Friday, September 28, 2012

Gay Christians

Picture this.  You're sitting in a crowded cafeteria, surrounded by your classmates (or, "colleagues," as your professors would say) enjoying your lunch.  While the program for the first musical of the season is being passed around the table, a few people make a comment or two about how many Bible verses certain cast members used in their bios.  Coincidentally, a trio of self-acknowledged Christians sit directly to your right, all three of whom you would consider your friends, or at the very least, your acquaintances.

You immediately recognize the conflict that might possibly arise, so you take what you think to be a preemptive strike by turning to your staunchly Christian friend who is sitting to your right and saying, "No offense. You know that Christianity is just an easy target here."

Only to have her retort, "So are gay people."

You feel a rush of blood flush your cheeks very briefly.  You are stunned at not so much what she said but how she said it, almost like she was so offended and quietly outraged that she felt the need to degrade a particular demographic which, if you will recall, had no hand in the aforementioned comments made about the Bible verse bios.

Okay, I get it, I get it.  She's mad because she's a straight Christian female at a very liberal college, no less a home to a centralized community of gays than a Joyce Meyer conference is a beehive of activity for charismatic Christians.  She's also mad because she probably feels like she can't voice her honest opinions without fear of being criticized by the cloud of liberal minds that surround her every single day.  How frustrating it must be to finally know what it feels like to be marginalized.

Anyway.  This little incident brings to light a much larger issue that I struggled with all through high school:  How does homosexuality fit into Christianity?  Or does it fit at all?  It's a question I think a lot of Christians feel the need to finally deal with now that being gay is no longer considered "sinful" or "wrong" in the eyes of mainstream culture.
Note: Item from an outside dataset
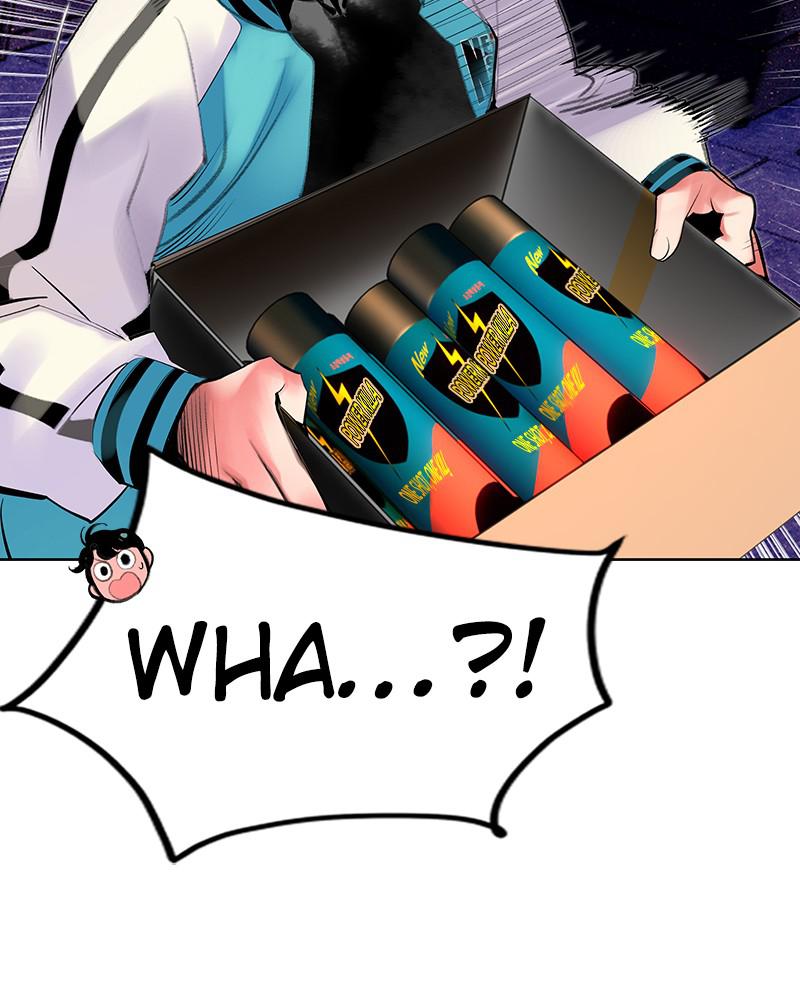 Read Jungle Juice Manga Online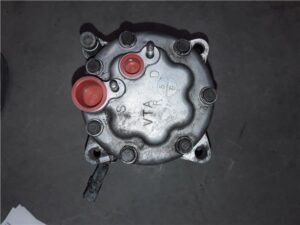 Peugeot 406 Berlina (S1/S2)(08.1995->)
I don't think many people at my school know how much I love God.  Perhaps it's because I don't generally talk about God to people in everyday conversations.  Perhaps it's because I don't tell many people that my best friend and I went to church together for five years in high school without being told to by our parents.  Perhaps it's because I don't quote Bible verses, not that there's anything wrong with that.  Perhaps the simple fact that I'm recognizably gay to most people automatically turns off the God switch in their brains.  ("Oh, he's gay.  He probably has beef with Christianity.")  From my experience, a good number of people understand gays in very simple terms, as either one extreme or the other.  You're either a flaming queer who spouts his or her beliefs just as self-righteously as any Westboro Baptist or a closet case who is too scared to believe in or defend anything.

The truth is, there are gay Christians and there are straight atheists, just like there are gay Republicans and straight Democrats.  What is it about our culture that drives us to force labels on everything and everyone?  Are sweeping generalizations and outdated stereotypes really the only way we have of understanding each other?  I think we'd all agree that the answer to that question is no.

Today in my music history class, we discussed gender roles in Europe's Renaissance period.  Our teacher asked the class where we thought the idea of assigning gender roles to music might have come from.  A stream of answers followed, but the topic itself left more unanswered questions in my mind than anything.  What is gender?  Or, more importantly, why is gender?

In our search for answers to such questions, I think the most important thing to remember amidst the confusion is our humanity.  What makes us human, in my opinion, is not our ability to communicate or feel compassionate, but rather our ability to retain that sense of mutual respect amongst each other, knowing that no one's ideas are any more or less valid than anyone else's.  Deep down, I think we all know we're all eventually going to die and none of this will even matter once we've been sucked back up into the unfathomable and all-encompassing living breath of the Universe.

But who am I to make such assumptions?